WORK INSTRUCTION: Copy exactly the lines from the start of the material through the line with "L’écran Orientation sur". Pictures stay out of the copy.

Start of THE RECORDS

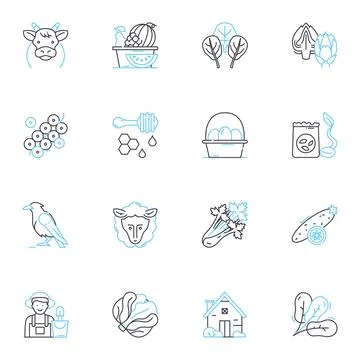 Orchard linear icons set. Apple, Harvest, Trees, Crop, Blossom, Fruit, Sunlight Stock Illustration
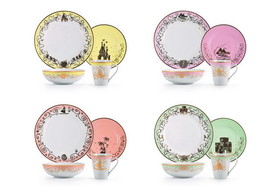 Disney Princess 16-Piece Ceramic Dinnerware Set Collection 3, Plates, Bowls & Mugs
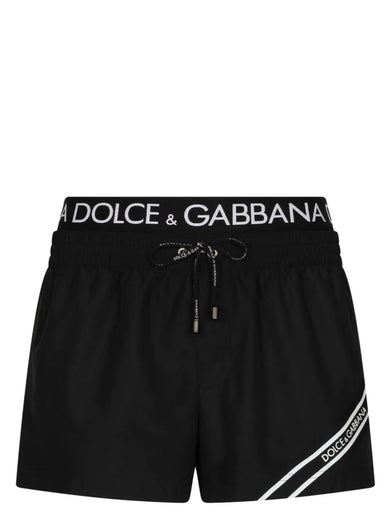 Short swim trunks with branded band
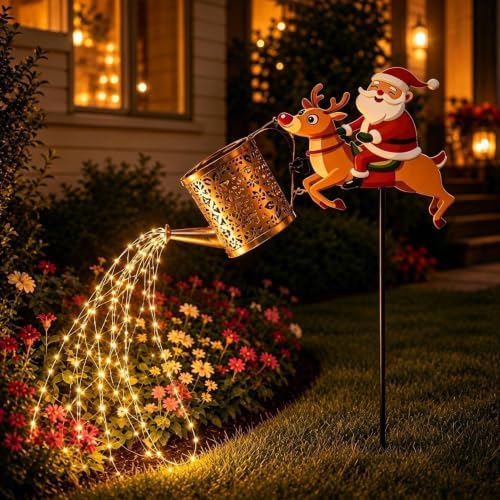 Christmas Solar Lights with Stake LED Santa Claus Cute Garden Decor - Image 3
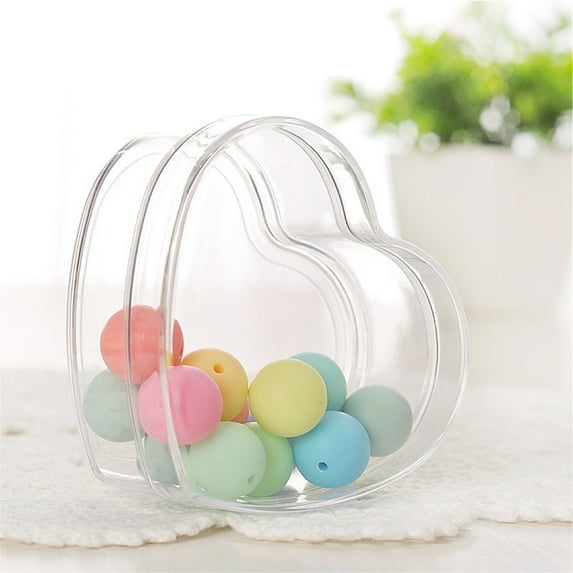 6PCS Heart Shape Candy Boxes Wedding Favor Party Plastic Candy Gift Box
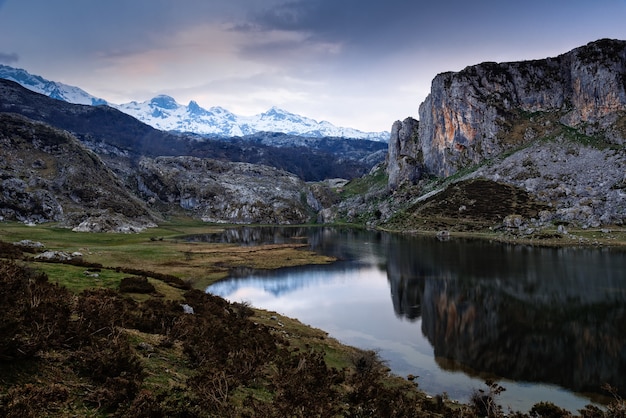 Free photo breathtaking view of the rocky mountains reflected in the water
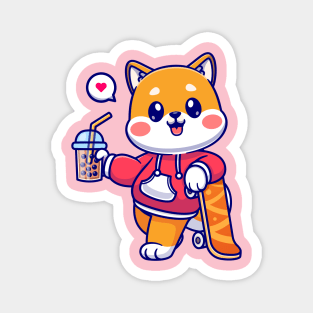 Cute Shiba Inu Drink Boba Milk Tea With Skateboard  Cartoon Magnet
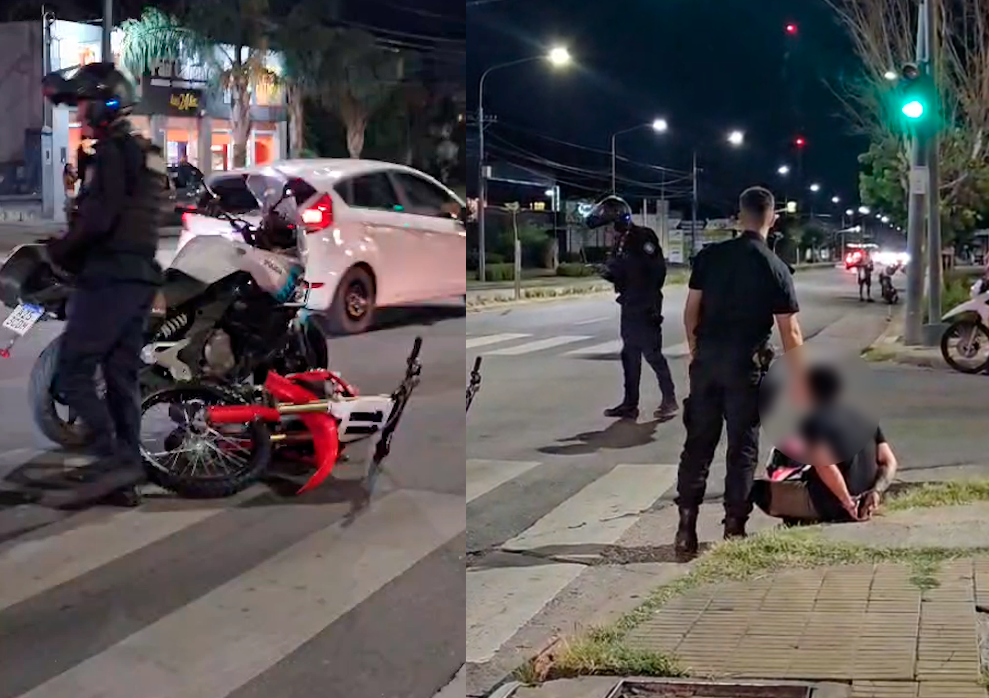 Persecución en Av. Savio: un motociclista escapaba de la policía, perdió el control, cayó y fue aprehendido
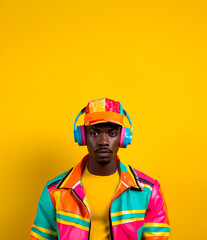 Obraz premium Young man in 90s style clothing wearing a headset looking stylish and funky. Fashion style photograph in a colorful 1990ies style. Yellow Studio background with copy space.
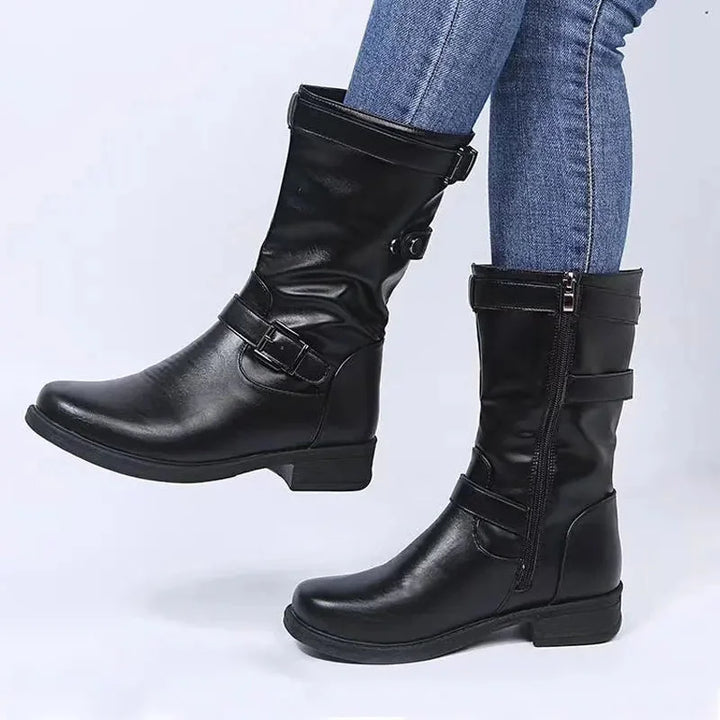 Women's black orthopedic mid-calf biker boots with zipper for comfort & support.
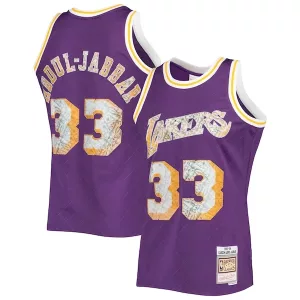 Splendido Eccezionale Accattivante Kareem Abdul Jabbar Los Angeles Lakers 1996 97 Hardwood Classics NBA 75th Anniversary Diamond Swingman Jersey Purple per i Fan Veri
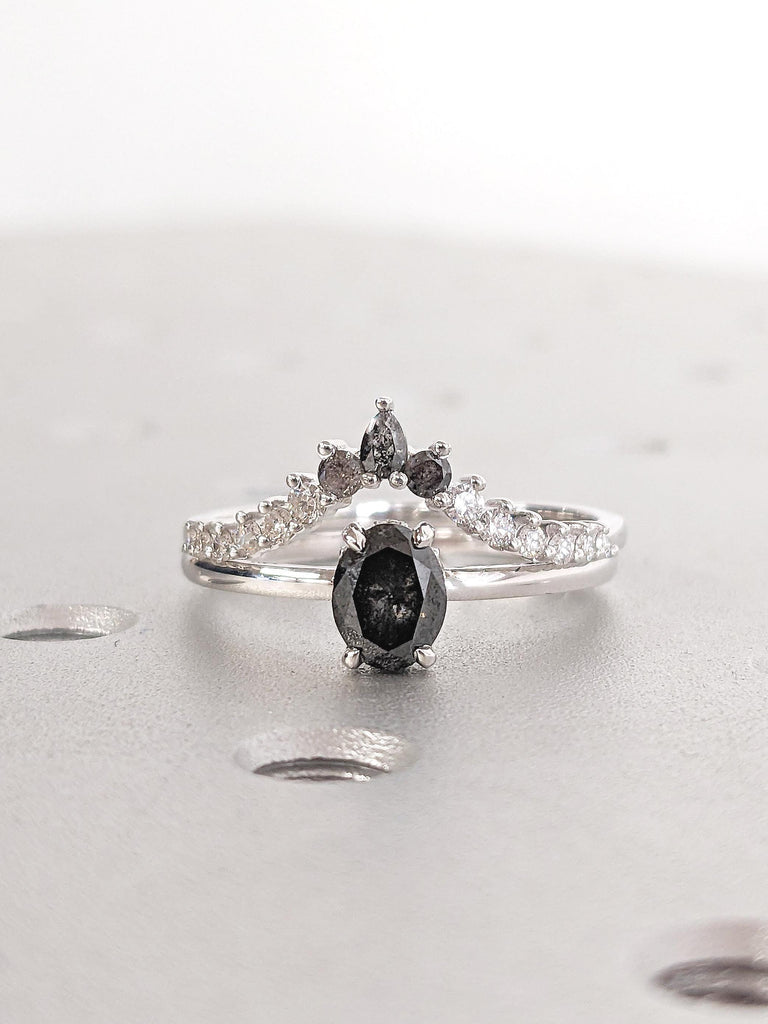 Vintage Salt and Pepper Diamond Ring, 18k/14k Gold Ring Set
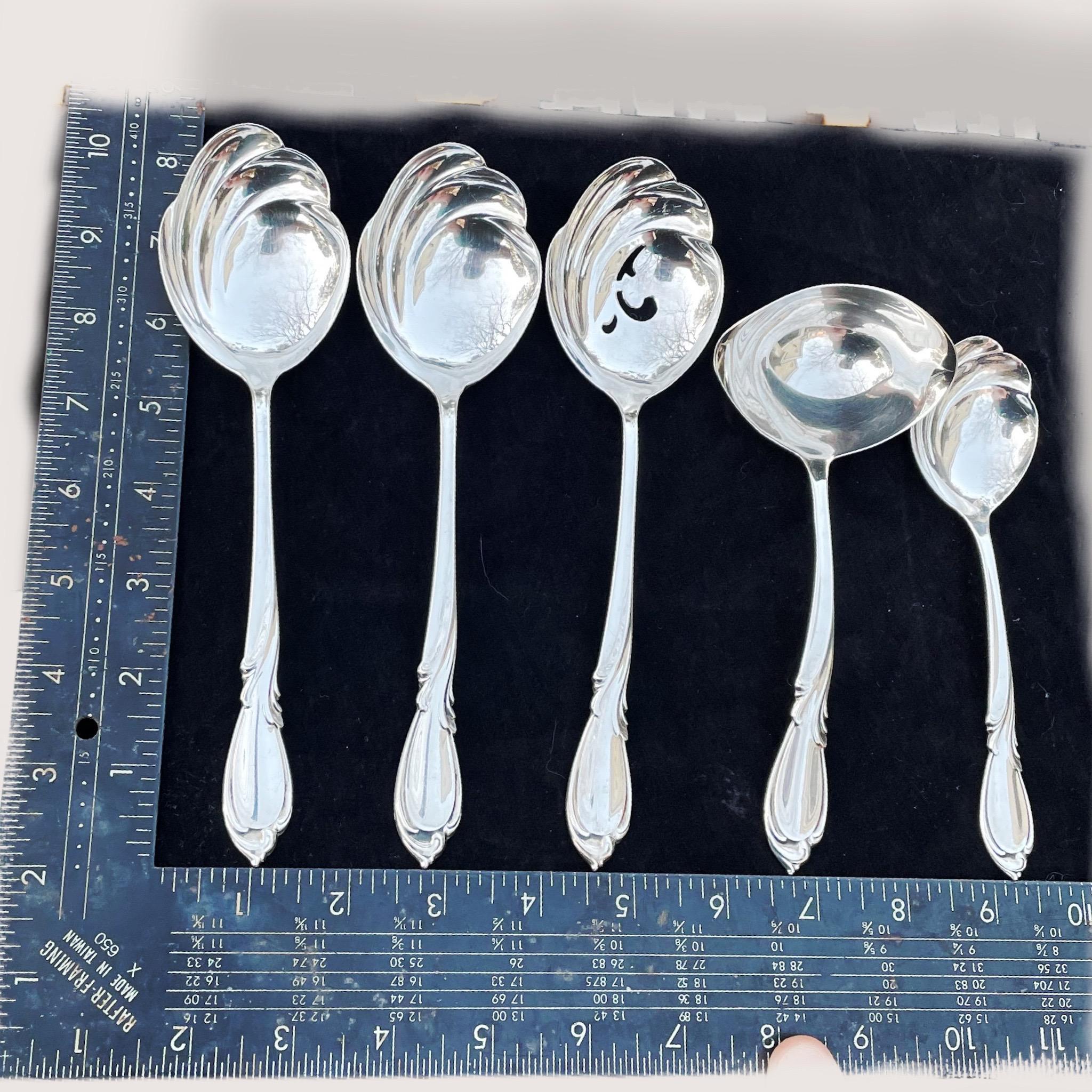 Polished Mid Century International Sterling Silver Rhapsody Serving Utensils Set of 5 For Sale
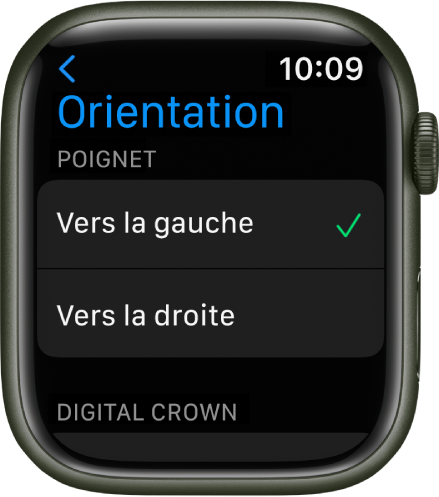 L’écran Orientation sur l’Apple Watch. Vous pouvez définir vos préférences pour le poignet et la Digital Crown.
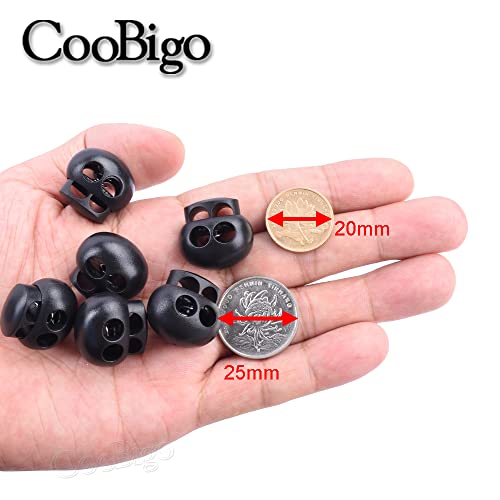 Coobigo FLS241-B 25 25Pcs Spring Cord Lock End Stopper Fastener Slider Toggles Clip Double Hole Round Ball Plastic thumb #2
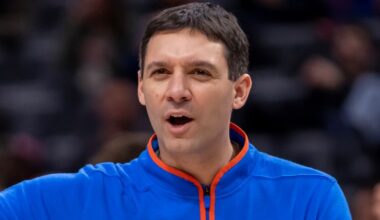 Mark Daigneault looking on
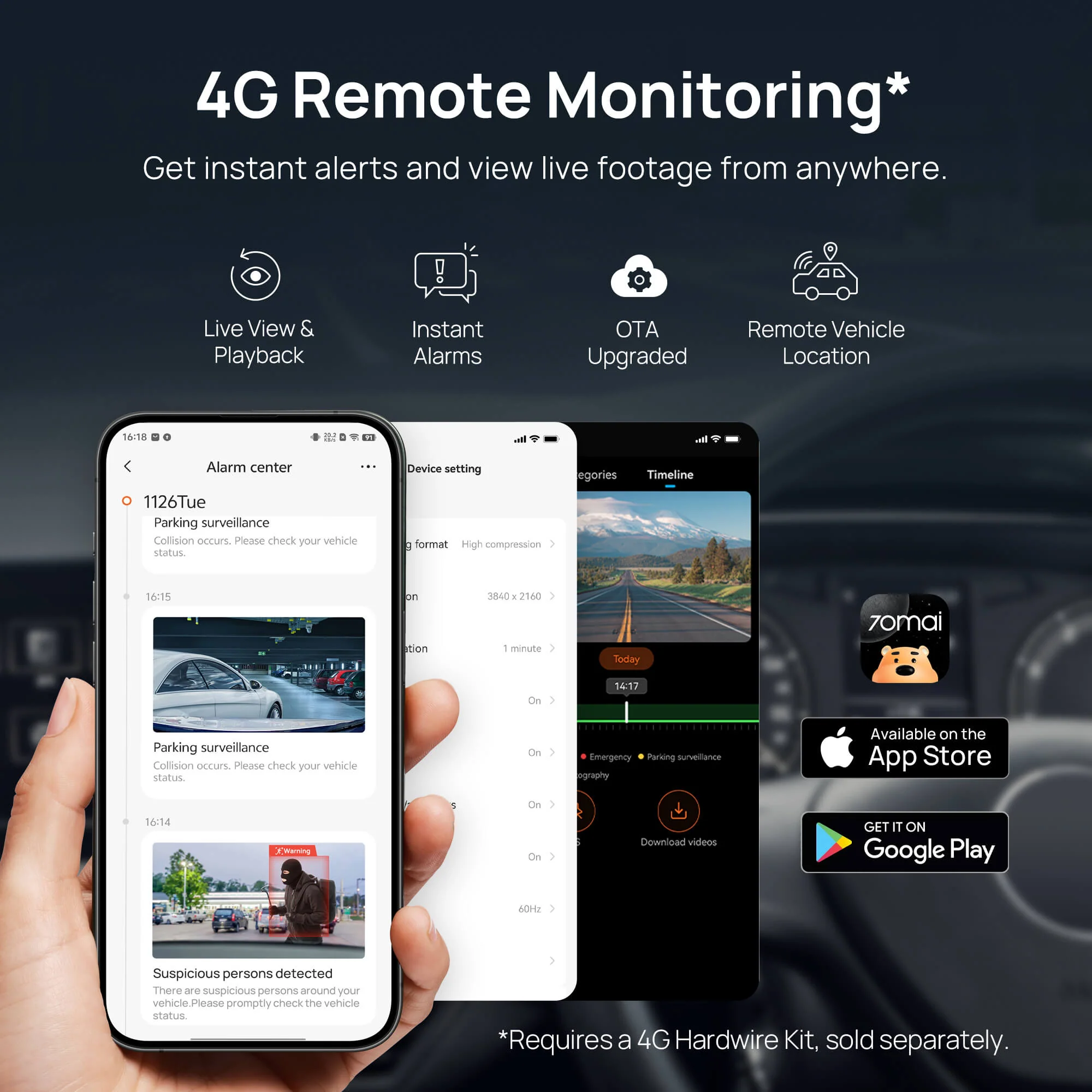 70mai Dash Cam 4K A810S with Sony STARVIS 2 IMX678, License Plate Enhancement, Buffered Emergency Record, Supercapacitor & 4G LTE - Image 7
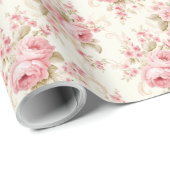 Romantische Pastete Pink Rose Blumengeschenk Geschenkpapier (Rolleneckpunkt)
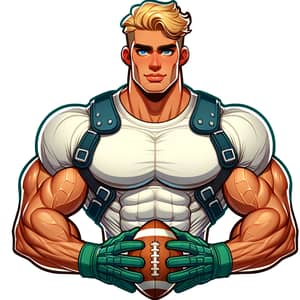 Animated Football Athlete - Cartoon Illustration of a Well-Built Man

End of THE RECORDS

SOLUTION TO THIS PROBLEM:
 Orchard linear icons set. Apple, Harvest, Trees, Crop, Blossom, Fruit, Sunlight Stock Illustration
 Disney Princess 16-Piece Ceramic Dinnerware Set Collection 3, Plates, Bowls & Mugs
 Short swim trunks with branded band
 Christmas Solar Lights with Stake LED Santa Claus Cute Garden Decor - Image 3
 6PCS Heart Shape Candy Boxes Wedding Favor Party Plastic Candy Gift Box
 Free photo breathtaking view of the rocky mountains reflected in the water
 Cute Shiba Inu Drink Boba Milk Tea With Skateboard  Cartoon Magnet
 Persecución en Av. Savio: un motociclista escapaba de la policía, perdió el control, cayó y fue aprehendido
 Obraz premium Young man in 90s style clothing wearing a headset looking stylish and funky. Fashion style photograph in a colorful 1990ies style. Yellow Studio background with copy space.
 Women's black orthopedic mid-calf biker boots with zipper for comfort & support.
 Splendido Eccezionale Accattivante Kareem Abdul Jabbar Los Angeles Lakers 1996 97 Hardwood Classics NBA 75th Anniversary Diamond Swingman Jersey Purple per i Fan Veri
 Vintage Salt and Pepper Diamond Ring, 18k/14k Gold Ring Set
 Polished Mid Century International Sterling Silver Rhapsody Serving Utensils Set of 5 For Sale
 L’écran Orientation sur l’Apple Watch. Vous pouvez définir vos préférences pour le poignet et la Digital Crown.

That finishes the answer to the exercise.